3Cela est particulièrement vrai dans le domaine où l’influence de Kant est sans conteste la plus notable : la morale. D’un homme vertueux, on dit aujourd’hui qu’il a des « principes », c’est-à-dire qu’il se refuse à employer n’importe quels moyens pour atteindre son but, même lorsque celui-ci est louable. Il est par ailleurs largement admis qu’agir moralement revient à s’interdire tel ou tel acte : cette restriction que le sujet s’impose à lui-même s’identifie au devoir.

4Passées dans la conscience commune, ces convictions sont d’origine kantienne. La célèbre ouverture des Fondements de la métaphysique des mœurs l’atteste :

5

Il n’y a nulle part quoi que ce soit dans le monde, ni même en général hors de celui-ci, qu’il soit possible de penser et qui pourrait sans restriction être tenu pour bon, à l’exception d’une volonté bonne.[1]

6Nous sommes spontanément portés à croire que la valeur morale d’une action réside dans la volonté qui l’anime. Aucune image du bonheur ni aucune institution divine ou humaine ne peuvent plus prétendre incarner le bien, en sorte que la conscience subjective s’impose comme le critère ultime du devoir. Kant est un penseur moderne parce qu’il a compris que le bien n’existe pas comme une chose à laquelle nous devrions consentir, mais comme une norme qu’il faut vouloir. Par là il rencontre une opinion couramment admise : un acte tire sa valeur de l’intention qui y préside, et nous ne sommes véritablement responsables que de ce que nous avons voulu faire. Il n’y a, d’ailleurs, rien d’hasardeux dans cette rencontre entre la philosophie et les convictions majoritaires puisque Kant n’a jamais prétendu inventer une éthique nouvelle, mais seulement établir les fondements de la morale ordinaire.

7Il reste que si les préceptes kantiens ont été acceptés aussi aisément (au point d’apparaître naturels), il devient tentant de s’attaquer à eux pour dénoncer les impasses du présent. De fait, la « morale kantienne » est décrite à la manière d’un édifice que l’on peut admirer, mais de loin. Comme si une distance infranchissable nous séparait d’elle, un écart par rapport aux promesses que les Lumières n’ont pas su tenir.
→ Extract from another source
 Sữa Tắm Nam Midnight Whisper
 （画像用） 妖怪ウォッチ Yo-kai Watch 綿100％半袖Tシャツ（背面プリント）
Kant est souvent présenté comme le penseur d’une modernité héroïque où l’on ne craignait pas de croire en la liberté de l’homme et dans le caractère inexorable du progrès moral. En regard de ce que nous avons appris depuis le xviiie siècle, il lui manquerait une conscience du tragique et de la fragilité des choses humaines. Son « rigorisme » (le terme est revendiqué par Kant) ne semble plus coïncider avec les exigences plus modestes (plus humaines aussi) du présent. A la froideur de la morale ne préfère-t-on pas, aujourd’hui, la libéralité de l’éthique ?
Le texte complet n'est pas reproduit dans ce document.